Cryptocurrency fueling ransomware attacks, say cybersecurity experts

Local News

PEORIA, Ill. (WMBD) — Cybersecurity experts say there has been a shift from data breaches targeting health and credit card information to using ransomware to hold companies virtually hostage until they pay with cryptocurrency.

Ransomware is a type of malware that blocks access to a system until a ransom is paid, usually with cryptocurrency like Bitcoin. Colonial Pipeline, JBS Foods, and even TV stations have been recent victims of ransomware attacks.

“Crypto has definitely enabled attackers to get paid,” said Anthony Mini, vice president of security and operations at Pearl Technology, an IT firm based in Peoria Heights.

Mini said he has seen an increase in ransomware attacks during the past six to eight months. He doesn’t see the attacks slowing down anytime soon, and said no industry is immune.

“There’s no industry that’s off the table here. If you have money and you’re worth planning an attack to, then you’re vulnerable,” he said. “Every company in the local area is at risk, 100% at risk for this, it’s only a matter of time where it gains popularity in these small or medium businesses.”

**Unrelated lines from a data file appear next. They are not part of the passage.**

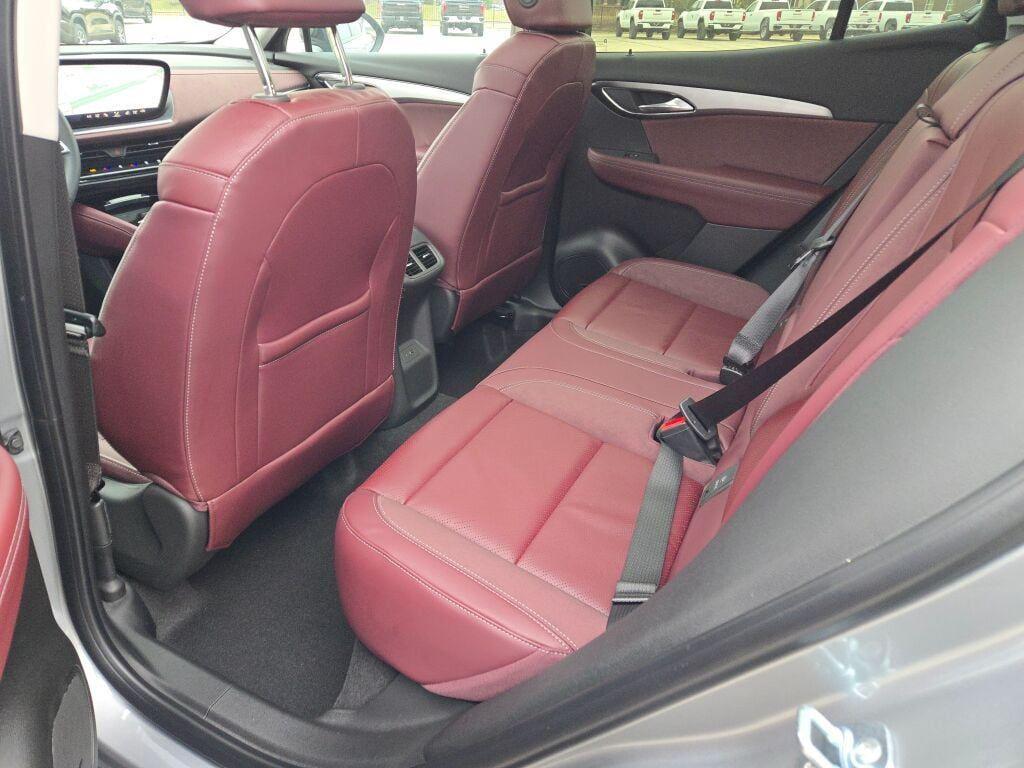 new 2026 Buick Envision car, priced at $45,954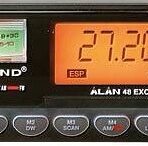 Alan 48 excel радиостанция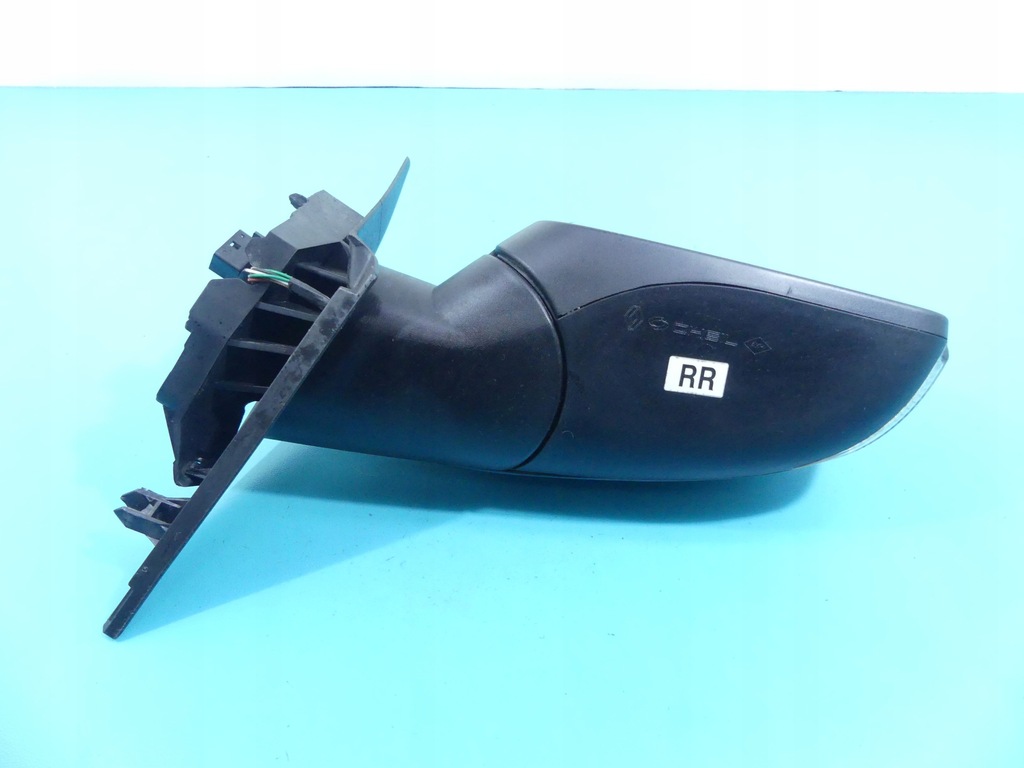 фото №7, Зеркало правое 8pin renault latitude tewxc europa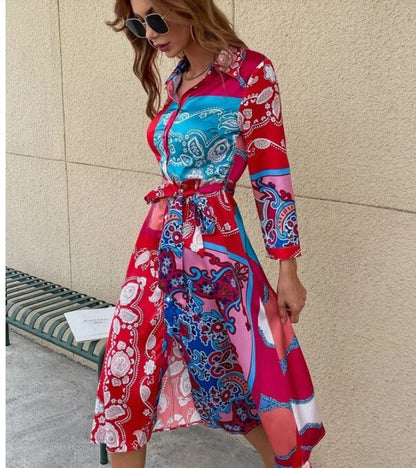 Classic Vintage & Enduringly Stylish Dress
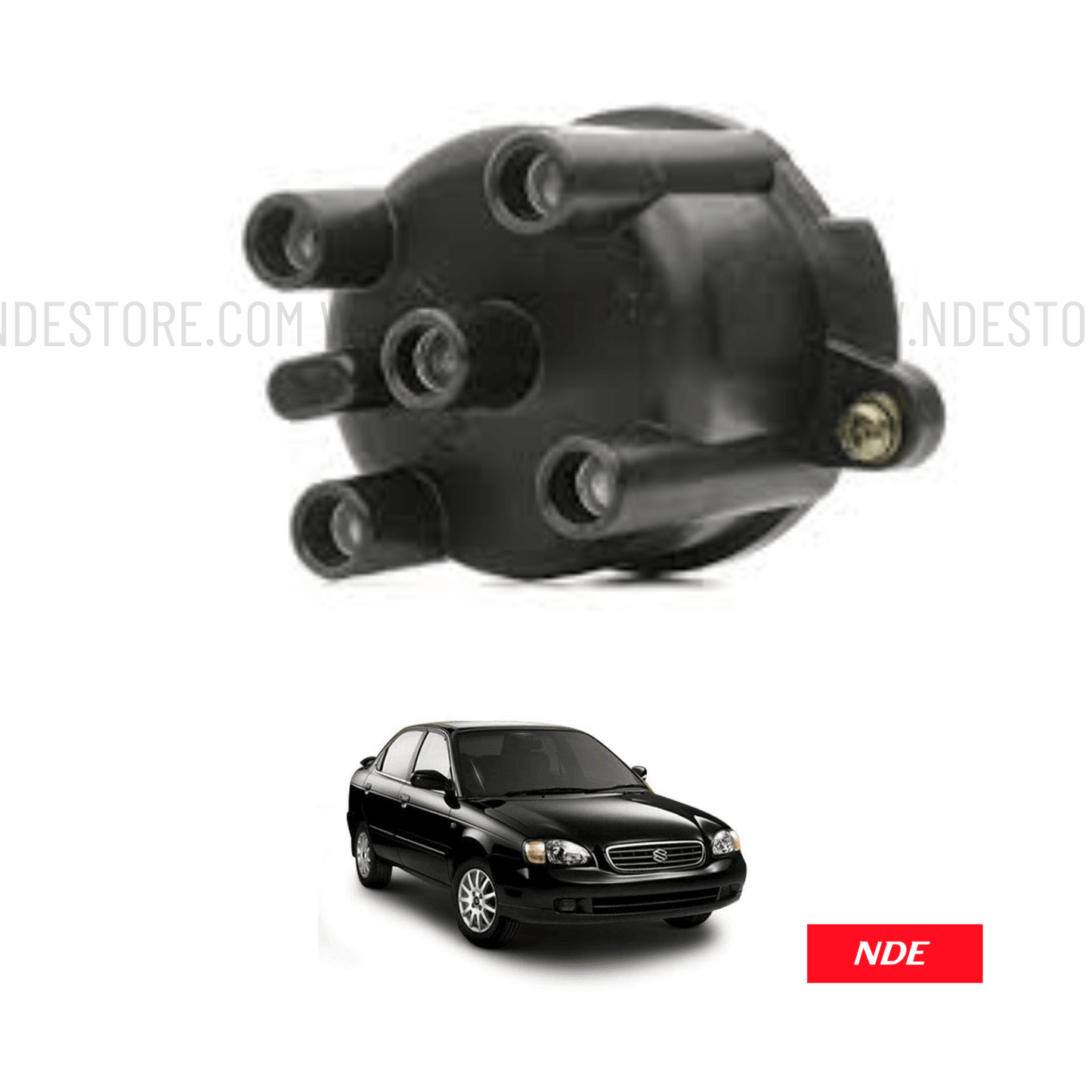 DISTRIBUTOR CAP FOR SUZUKI BALENO - ndestore.com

Mini said it’s important for companies to assess their vulnerabilities, and keep their users informed about ransomware and other cybercrimes like phishing.

“An ounce of prevention is better than a pound of cure, so just getting out in front of that is probably the first thing that people need to do,” he said.

Jacob Young, director of the Cybersecurity Center at Bradley University, said the best defense against ransomware is for businesses to regularly back up data, so the data encrypted by the ransomware can be wiped and restored.

He also recommended businesses conduct “table top” exercises like penetration tests, where hackers attempt to infiltrate the system to find potential flaws.

“You can think of it as a ‘fire drill’ for every conceivable scenario. Performing the fire drills ahead of time allows the response to be more effective when a real incident occurs,” Young said.